**Exercise description**
Below are the records; return exactly the lines from the one with "VANS MARŠKINĖLIAI VN00XHTAWAKENTIGERSS" through the final line, both included, minus any pictures.

Web page caption snippets:
>>>>>
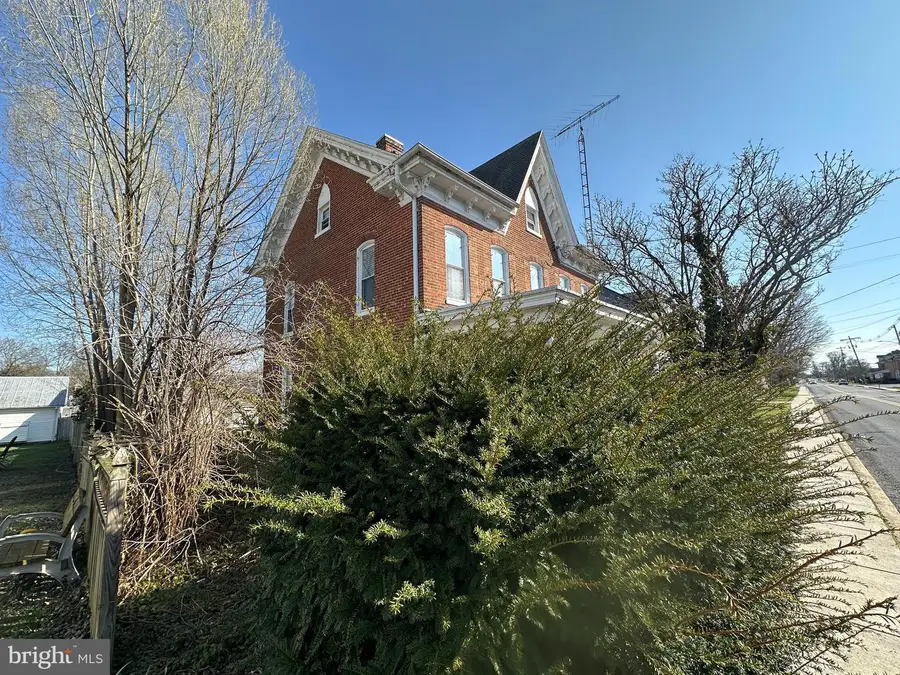234 S Washington Street, Greencastle, PA 17225 - #3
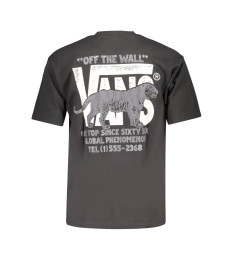 VANS MARŠKINĖLIAI VN00XHTAWAKENTIGERSS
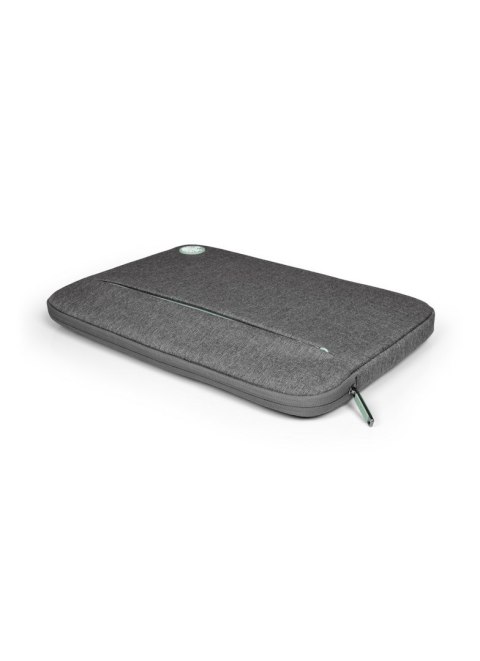 Etui na laptopa PORT DESIGNS YOSEMITE ECO 15,6"; GR Etui na laptopa PORT DESIGNS YOSEMITE ECO 15,6"; GR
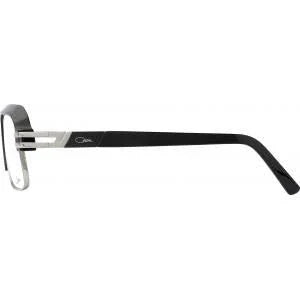 Black 56mm Glasses U93299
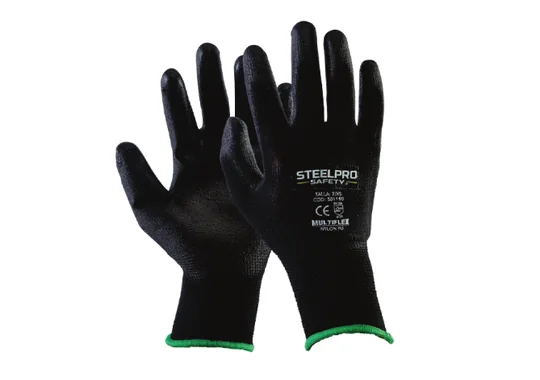 Multiflex Nylon Látex
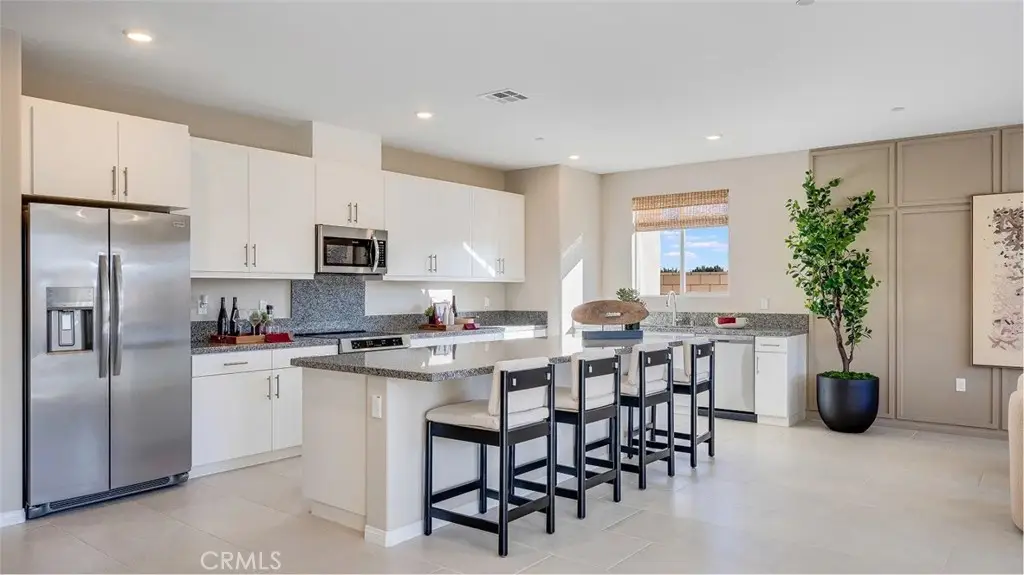 14217 Rollins Street, Hesperia, CA 92345 - Image #1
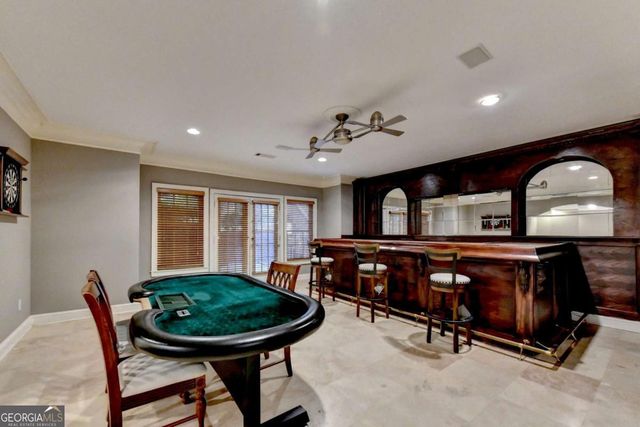 991 Moores Walk Lane, Suwanee, GA 30024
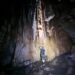 La Cova de Bolumini, la maravilla natural de Beniarbeig que oculta un fenómeno en su interior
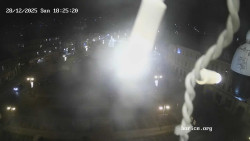 Náměstí Jiřího z Poděbrad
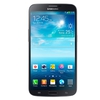 Сотовый телефон Samsung Samsung Galaxy Mega 6.3 GT-I9200 8Gb - Нефтекамск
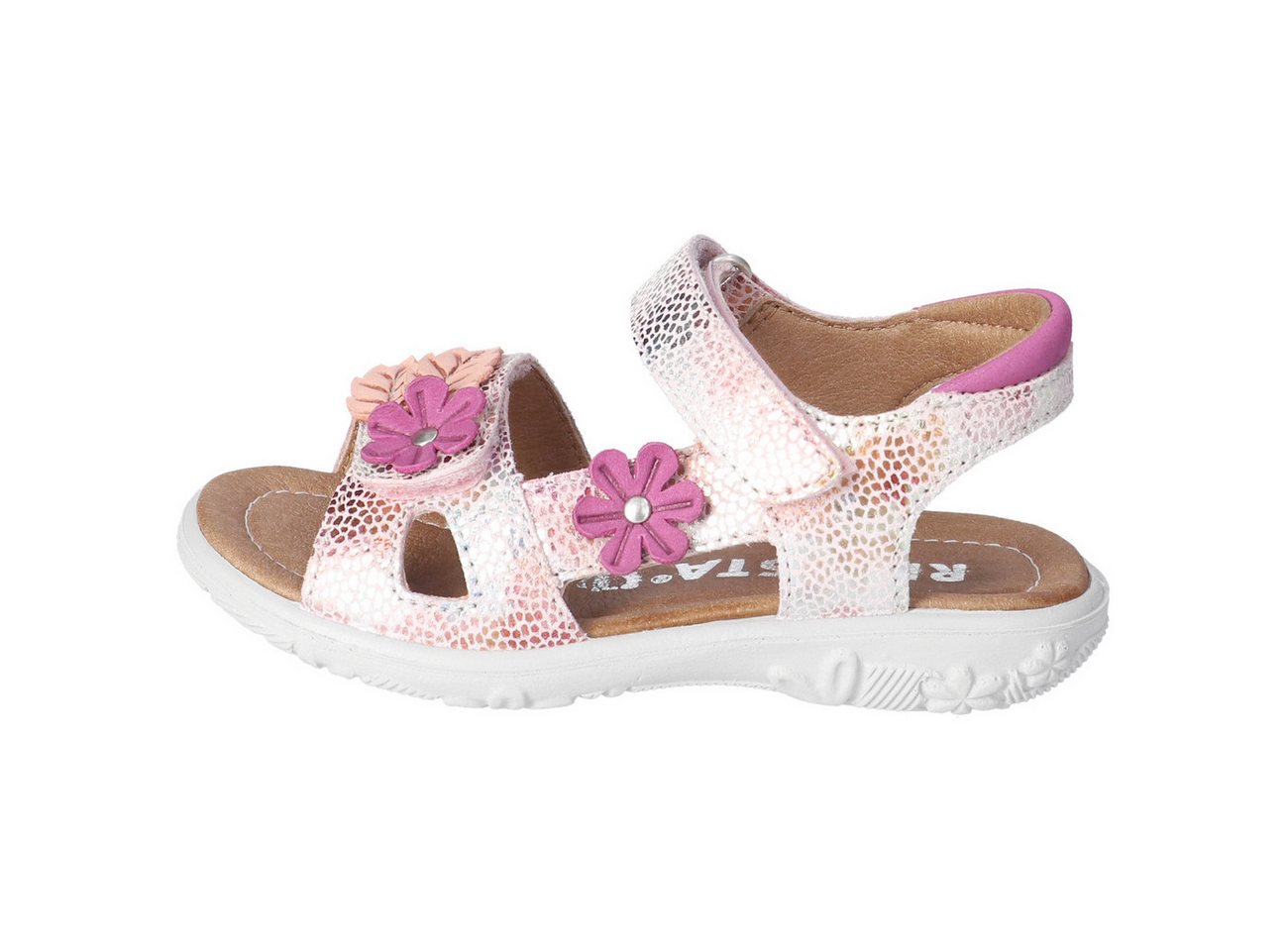 Ricosta CILLA Sandale von Ricosta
<<<<<
**Your response**
 VANS MARŠKINĖLIAI VN00XHTAWAKENTIGERSS
 Etui na laptopa PORT DESIGNS YOSEMITE ECO 15,6"; GR Etui na laptopa PORT DESIGNS YOSEMITE ECO 15,6"; GR
 Black 56mm Glasses U93299
 Multiflex Nylon Látex
 14217 Rollins Street, Hesperia, CA 92345 - Image #1
 991 Moores Walk Lane, Suwanee, GA 30024
 La Cova de Bolumini, la maravilla natural de Beniarbeig que oculta un fenómeno en su interior
 Náměstí Jiřího z Poděbrad
 Сотовый телефон Samsung Samsung Galaxy Mega 6.3 GT-I9200 8Gb - Нефтекамск
 Ricosta CILLA Sandale von Ricosta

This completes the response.